Doit on choisir entre un objectivisme absolu et un relativisme absolu ? Doit on choisir entre la prétention à la vérité et la relativité de toute connaissance ? Peut-être peut on envisager de tracer une troisième voie pour montrer comment nous parvenons à une stabilité de nos connaissances
⇒ c’est la thèse du caractère relationnel de l’entreprise scientifique :
  • la science n’est pas une méthodologie unique : elle appelle au contraire une justification dans toutes les directions possibles, elle appelle à multiplier les justifications
  • l’objectivité peut être relue en termes d’intersubjectivité : il semble impossible d’éliminer tous les effets de la subjectivité (car il n’y a pas de point de vue de nulle part), mais il peut y avoir un continuum entre les subjectivités
  • les connaissances de la nature reconnaissent le caractère faillible de leurs procédures et de leurs conclusion → on dispose cependant d’éléments de preuves.

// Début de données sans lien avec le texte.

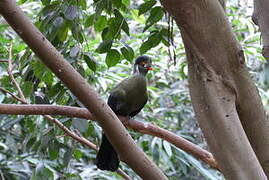 White-cheeked Turaco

c) les stratégies de stabilisation

cf. Allan Franklin, The Neglect of experiment, 1986 = essai de systématisation des stratégies employées par les chercheur·euse·s afin de stabiliser les connaissances
⇒ Franklin identifie 10 stratégies rationnelles de recherche :
  • élimination des sources d’erreurs possibles et des explications alternatives possibles
  • vérifications expérimentales et phases de calibration
  • reproduction d’artefacts déjà connus
  • intervention durant laquelle l’expérimentateur manipule l’objet étudié
  • recours à des corroborations expérimentales fondées sur d’autres expériences
  • recours aux résultats expérimentaux
  • recours à une théorie indépendante et bien corroborée par ailleurs
  • recours à des instruments reposant sur des théories bien corroborées par ailleurs – inter-instrumentalité
  • recours à des arguments statistiques
  • expérimentation en double aveugle
→ On peut entrecroiser les stratégies : on aura alors des faisceaux d’éléments de preuve convergents que les scientifiques tentent de rendre les plus solides possibles
⇒ à faire à partir de là, il est possible d’analyser le développement de nos connaissances et la notion de progrès scientifique.